● **Aim of the task**:
Take the lines in the listing below from the line with "Sexy Slash Neck" up to and including the line with "Micro Set Round" and set them down exactly, skipping pictures and adding nothing.

● **Supplied information**:
__________
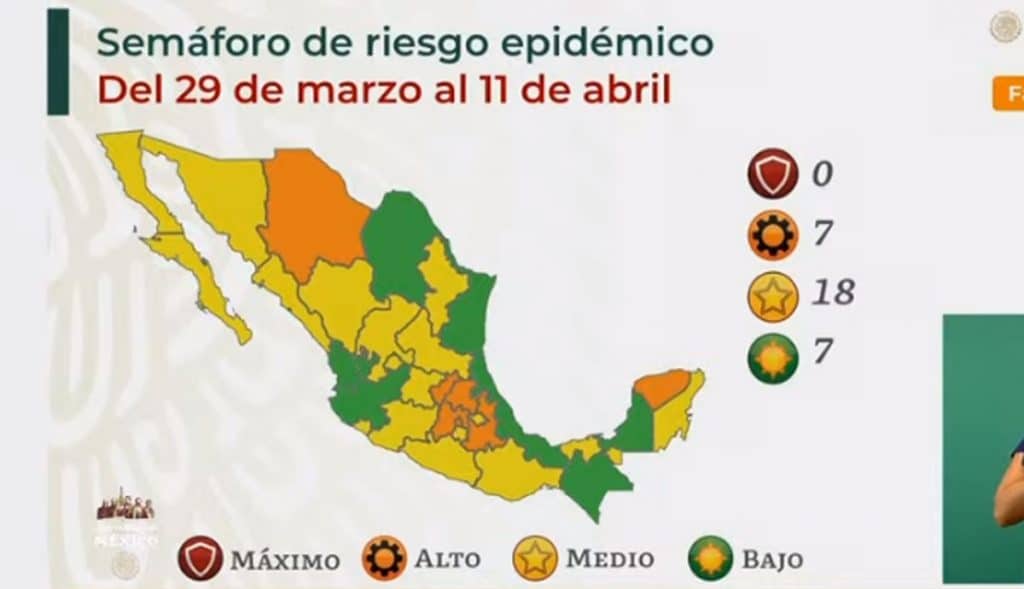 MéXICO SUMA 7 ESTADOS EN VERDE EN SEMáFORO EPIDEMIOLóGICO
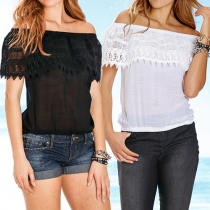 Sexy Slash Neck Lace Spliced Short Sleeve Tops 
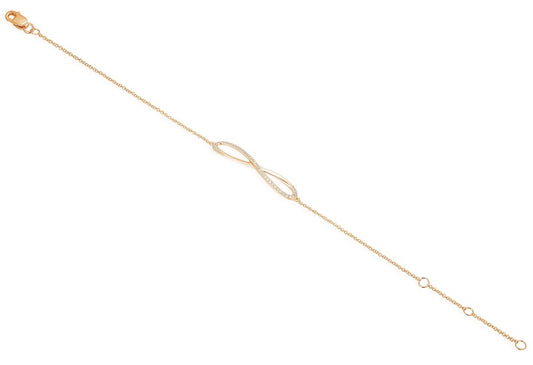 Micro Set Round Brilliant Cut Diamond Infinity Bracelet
__________
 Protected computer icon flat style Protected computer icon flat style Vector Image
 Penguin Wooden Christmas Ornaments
__________
● **Answer section**:
 Sexy Slash Neck Lace Spliced Short Sleeve Tops 
 Micro Set Round Brilliant Cut Diamond Infinity Bracelet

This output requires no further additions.